PSYCHOLOGY OF HAPPINESS

To psychological researchers, happiness is life experience marked by a preponderance of positive emotion. Feelings of happiness and thoughts of satisfaction with life are two prime components of subjective well-being (SWB). The scientific pursuit of happiness and positive emotion is also the first pillar of the new positive psychology first proposed in Martin E. P. Seligman's 1998 American Psychological Association presidential address. Positive psychologists also study positive character strengths and virtues and positive social institutions.

Assessing Happiness

Psychologists assess people's happiness with varied measures. The simplest is a single item that has been posed to hundreds of thousands of representatively sampled people in many countries: "Taken all together, how would you say things are these days─would you say you are very happy, pretty happy, or not too happy?"

Other investigators employ multi-item happiness measures.
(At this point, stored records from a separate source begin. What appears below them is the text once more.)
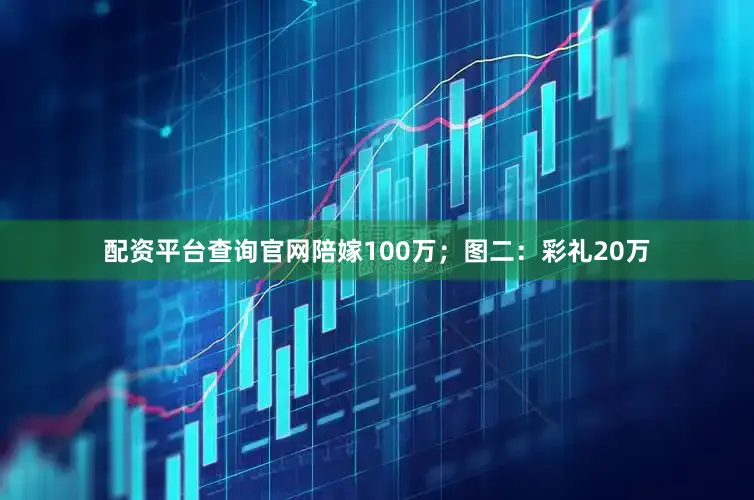 配资平台查询官网陪嫁100万；图二：彩礼20万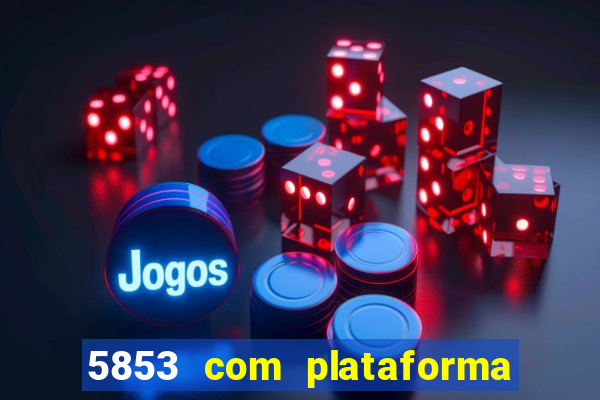 5853 com plataforma de jogos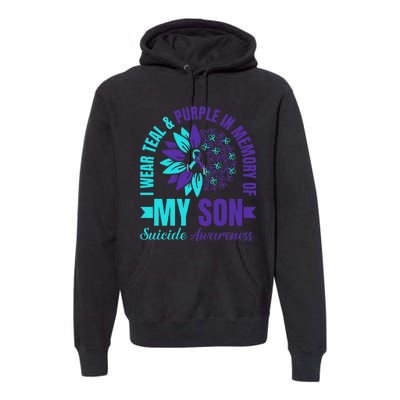 I Wear Teal Purple In Memory Of My Son Suicide Awareness Premium Hoodie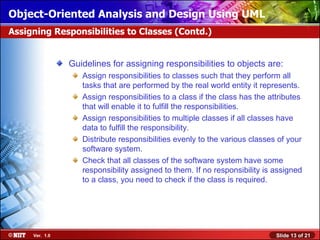 Object-Oriented Analysis and Design Using UML
Assigning Responsibilities to Classes (Contd.)


                Guidelines for assigning responsibilities to objects are:
                   Assign responsibilities to classes such that they perform all
                   tasks that are performed by the real world entity it represents.
                   Assign responsibilities to a class if the class has the attributes
                   that will enable it to fulfill the responsibilities.
                   Assign responsibilities to multiple classes if all classes have
                   data to fulfill the responsibility.
                   Distribute responsibilities evenly to the various classes of your
                   software system.
                   Check that all classes of the software system have some
                   responsibility assigned to them. If no responsibility is assigned
                   to a class, you need to check if the class is required.




     Ver. 1.0                                                                Slide 13 of 21
 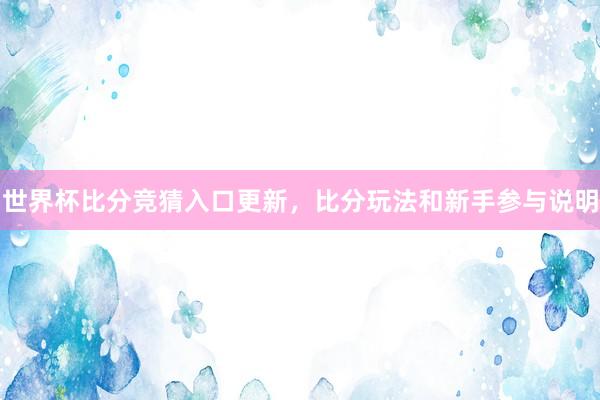 世界杯比分竞猜入口更新，比分玩法和新手参与说明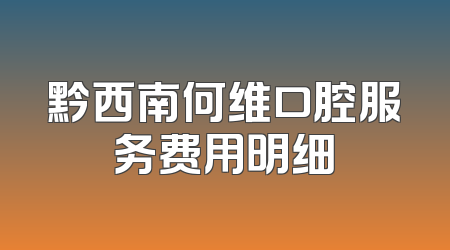 黔西南何维口腔服务费用明细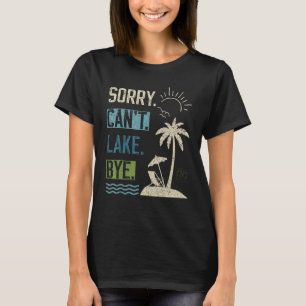 Camiseta Desculpe Não Posso Lago Tchau Vida no Lago Lago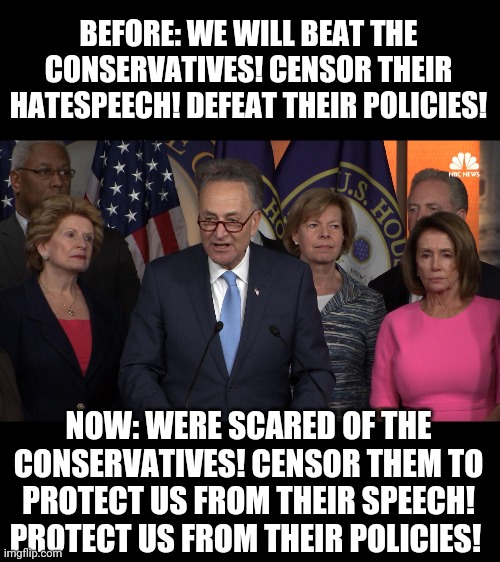 Never let a crisis go to waste, right?.. | BEFORE: WE WILL BEAT THE CONSERVATIVES! CENSOR THEIR HATESPEECH! DEFEAT THEIR POLICIES! NOW: WERE SCARED OF THE CONSERVATIVES! CENSOR THEM TO PROTECT US FROM THEIR SPEECH! PROTECT US FROM THEIR POLICIES! | image tagged in democrat congressmen | made w/ Imgflip meme maker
Some tap into the "cognitive" component of happiness (i.e., judgments of high life satisfaction) and others assess the "affective" component (i.e., the experience of frequent positive emotions and relatively infrequent negative emotions). For example, the popular Satisfaction With Life Scale asks respondents five questions about their feelings regarding their lives (e.g., "In most ways my life is close to my ideal.") Other measures assess the affective component of happiness in different ways. The Affect Balance Scale invites people to report how frequently they have experienced various positive and negative emotions over the last 30 days. The Experience Sampling Method uses a pager to occasionally interrupt people's waking experience and to sample their moods, and the Day Reconstruction Method requires respondents to review their previous day hour by hour and to recall exactly what they were doing and how they were feeling during each hour.

Multi-item global measures of happiness are also frequently used by researchers. The Subjective Happiness Scale asks people to rate the extent to which they believe themselves to be happy or unhappy individuals (e.g., "In general, I consider myself...," with the options being somewhere between "not a very happy person" and "a very happy person").